*PROBLEM DETAILS:* Using the records that appear below, write out exactly the lines from the one with "[LINEスタンプ] 【メッセージ】株式専業投資家フレブル" through the one with "originale, Photographie numérique", keeping both end lines.

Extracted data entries
--------------------------------

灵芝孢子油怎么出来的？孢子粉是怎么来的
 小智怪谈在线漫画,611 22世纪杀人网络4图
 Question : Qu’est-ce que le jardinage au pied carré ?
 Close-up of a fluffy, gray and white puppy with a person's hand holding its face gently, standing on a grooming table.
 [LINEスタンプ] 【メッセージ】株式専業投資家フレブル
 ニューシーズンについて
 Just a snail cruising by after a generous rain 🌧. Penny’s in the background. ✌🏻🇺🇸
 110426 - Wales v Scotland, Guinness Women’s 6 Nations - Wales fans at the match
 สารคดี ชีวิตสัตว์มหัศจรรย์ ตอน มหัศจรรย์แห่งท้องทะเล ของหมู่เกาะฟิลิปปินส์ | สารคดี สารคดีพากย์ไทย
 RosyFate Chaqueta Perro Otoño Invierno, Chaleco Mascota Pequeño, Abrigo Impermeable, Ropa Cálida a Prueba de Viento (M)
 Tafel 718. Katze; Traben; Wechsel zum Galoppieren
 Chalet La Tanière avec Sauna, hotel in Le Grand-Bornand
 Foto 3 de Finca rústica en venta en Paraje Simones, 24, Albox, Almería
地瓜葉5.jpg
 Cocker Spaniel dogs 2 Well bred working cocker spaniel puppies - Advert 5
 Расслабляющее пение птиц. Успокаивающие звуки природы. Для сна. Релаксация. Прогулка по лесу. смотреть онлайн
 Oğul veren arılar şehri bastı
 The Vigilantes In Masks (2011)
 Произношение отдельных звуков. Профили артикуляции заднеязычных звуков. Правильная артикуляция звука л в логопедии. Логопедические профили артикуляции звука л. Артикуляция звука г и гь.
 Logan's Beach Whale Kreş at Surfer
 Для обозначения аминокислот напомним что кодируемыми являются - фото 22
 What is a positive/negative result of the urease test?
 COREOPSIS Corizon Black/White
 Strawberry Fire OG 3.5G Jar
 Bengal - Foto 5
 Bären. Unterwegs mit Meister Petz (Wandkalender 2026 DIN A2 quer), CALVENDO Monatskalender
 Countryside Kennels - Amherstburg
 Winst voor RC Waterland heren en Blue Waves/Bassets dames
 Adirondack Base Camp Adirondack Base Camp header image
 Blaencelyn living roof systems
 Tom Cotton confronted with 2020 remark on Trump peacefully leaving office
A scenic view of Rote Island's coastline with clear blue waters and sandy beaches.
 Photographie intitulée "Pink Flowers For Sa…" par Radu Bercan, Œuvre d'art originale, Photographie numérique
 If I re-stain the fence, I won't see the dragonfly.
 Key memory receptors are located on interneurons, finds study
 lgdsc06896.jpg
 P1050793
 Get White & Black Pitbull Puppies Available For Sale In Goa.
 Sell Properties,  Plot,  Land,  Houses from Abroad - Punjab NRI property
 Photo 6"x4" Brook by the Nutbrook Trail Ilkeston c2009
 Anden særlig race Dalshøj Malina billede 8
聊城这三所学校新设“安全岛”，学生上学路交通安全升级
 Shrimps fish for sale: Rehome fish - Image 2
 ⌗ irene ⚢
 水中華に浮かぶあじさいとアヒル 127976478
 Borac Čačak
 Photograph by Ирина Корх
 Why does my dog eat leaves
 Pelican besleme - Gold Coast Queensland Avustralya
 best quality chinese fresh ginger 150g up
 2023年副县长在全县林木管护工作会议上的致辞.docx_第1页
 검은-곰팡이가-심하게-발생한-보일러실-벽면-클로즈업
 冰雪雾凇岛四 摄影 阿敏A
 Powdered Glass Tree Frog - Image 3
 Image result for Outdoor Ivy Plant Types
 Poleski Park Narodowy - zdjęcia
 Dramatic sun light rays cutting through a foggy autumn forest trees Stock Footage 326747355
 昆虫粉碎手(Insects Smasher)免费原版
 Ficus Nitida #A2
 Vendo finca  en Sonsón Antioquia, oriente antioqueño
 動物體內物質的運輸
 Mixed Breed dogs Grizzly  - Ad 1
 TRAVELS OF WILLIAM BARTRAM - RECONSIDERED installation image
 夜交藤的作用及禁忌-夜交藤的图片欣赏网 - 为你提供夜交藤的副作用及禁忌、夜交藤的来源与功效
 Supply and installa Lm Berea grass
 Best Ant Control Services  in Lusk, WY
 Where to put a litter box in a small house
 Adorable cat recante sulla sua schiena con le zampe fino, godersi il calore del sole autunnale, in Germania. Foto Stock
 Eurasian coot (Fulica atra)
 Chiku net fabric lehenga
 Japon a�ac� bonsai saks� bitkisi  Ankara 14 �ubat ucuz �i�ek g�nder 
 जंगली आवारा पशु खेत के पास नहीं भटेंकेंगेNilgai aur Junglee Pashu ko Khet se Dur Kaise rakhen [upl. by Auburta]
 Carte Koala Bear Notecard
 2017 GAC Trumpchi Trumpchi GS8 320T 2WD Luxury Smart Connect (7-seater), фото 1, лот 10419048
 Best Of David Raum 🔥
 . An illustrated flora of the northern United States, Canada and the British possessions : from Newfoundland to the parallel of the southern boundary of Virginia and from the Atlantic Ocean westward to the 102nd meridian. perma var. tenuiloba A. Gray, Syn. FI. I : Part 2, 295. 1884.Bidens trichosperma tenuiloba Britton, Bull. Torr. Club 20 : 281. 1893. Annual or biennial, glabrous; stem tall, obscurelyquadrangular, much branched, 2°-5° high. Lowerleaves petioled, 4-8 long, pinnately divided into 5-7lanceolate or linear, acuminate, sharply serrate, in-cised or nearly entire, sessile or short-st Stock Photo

--------------------------------

*WRITTEN SOLUTION:*
 [LINEスタンプ] 【メッセージ】株式専業投資家フレブル
 ニューシーズンについて
 Just a snail cruising by after a generous rain 🌧. Penny’s in the background. ✌🏻🇺🇸
 110426 - Wales v Scotland, Guinness Women’s 6 Nations - Wales fans at the match
 สารคดี ชีวิตสัตว์มหัศจรรย์ ตอน มหัศจรรย์แห่งท้องทะเล ของหมู่เกาะฟิลิปปินส์ | สารคดี สารคดีพากย์ไทย
 RosyFate Chaqueta Perro Otoño Invierno, Chaleco Mascota Pequeño, Abrigo Impermeable, Ropa Cálida a Prueba de Viento (M)
 Tafel 718. Katze; Traben; Wechsel zum Galoppieren
 Chalet La Tanière avec Sauna, hotel in Le Grand-Bornand
 Foto 3 de Finca rústica en venta en Paraje Simones, 24, Albox, Almería
地瓜葉5.jpg
 Cocker Spaniel dogs 2 Well bred working cocker spaniel puppies - Advert 5
 Расслабляющее пение птиц. Успокаивающие звуки природы. Для сна. Релаксация. Прогулка по лесу. смотреть онлайн
 Oğul veren arılar şehri bastı
 The Vigilantes In Masks (2011)
 Произношение отдельных звуков. Профили артикуляции заднеязычных звуков. Правильная артикуляция звука л в логопедии. Логопедические профили артикуляции звука л. Артикуляция звука г и гь.
 Logan's Beach Whale Kreş at Surfer
 Для обозначения аминокислот напомним что кодируемыми являются - фото 22
 What is a positive/negative result of the urease test?
 COREOPSIS Corizon Black/White
 Strawberry Fire OG 3.5G Jar
 Bengal - Foto 5
 Bären. Unterwegs mit Meister Petz (Wandkalender 2026 DIN A2 quer), CALVENDO Monatskalender
 Countryside Kennels - Amherstburg
 Winst voor RC Waterland heren en Blue Waves/Bassets dames
 Adirondack Base Camp Adirondack Base Camp header image
 Blaencelyn living roof systems
 Tom Cotton confronted with 2020 remark on Trump peacefully leaving office
A scenic view of Rote Island's coastline with clear blue waters and sandy beaches.
 Photographie intitulée "Pink Flowers For Sa…" par Radu Bercan, Œuvre d'art originale, Photographie numérique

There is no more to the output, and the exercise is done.